• STORED DATA:
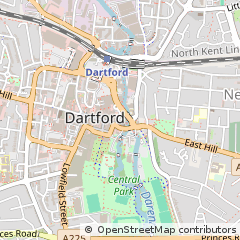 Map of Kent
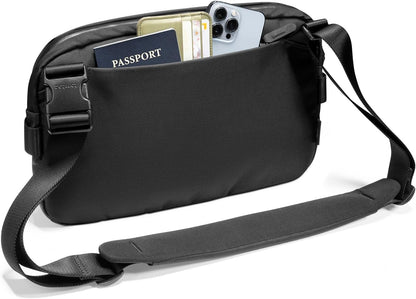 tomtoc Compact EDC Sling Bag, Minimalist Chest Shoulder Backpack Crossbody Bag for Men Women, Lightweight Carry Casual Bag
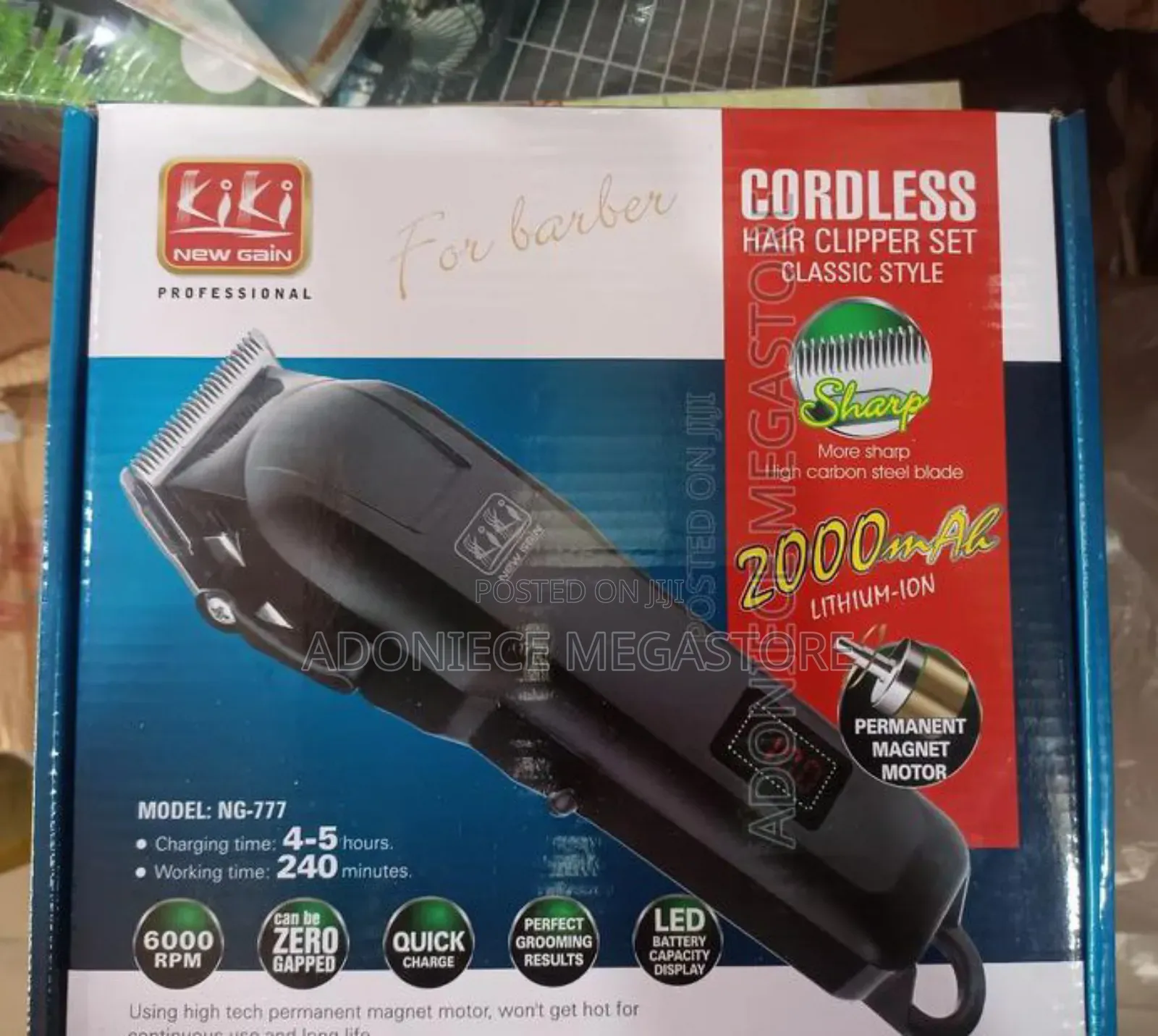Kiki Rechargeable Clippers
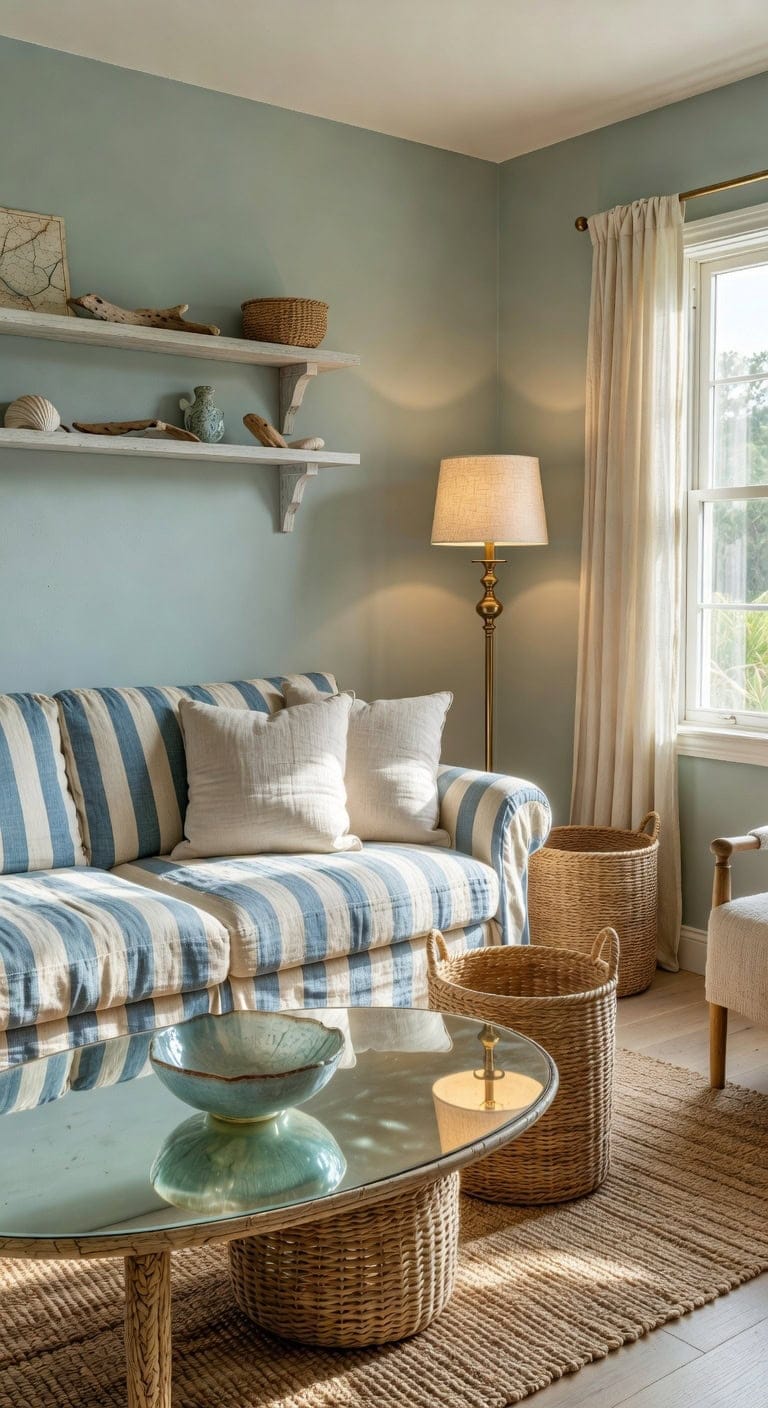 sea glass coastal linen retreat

• REQUIREMENT: The data is to be printed again exactly, but without its pictures.

• EXPECTED ANSWER:
 Map of Kent
 tomtoc Compact EDC Sling Bag, Minimalist Chest Shoulder Backpack Crossbody Bag for Men Women, Lightweight Carry Casual Bag
Kiki Rechargeable Clippers
 sea glass coastal linen retreat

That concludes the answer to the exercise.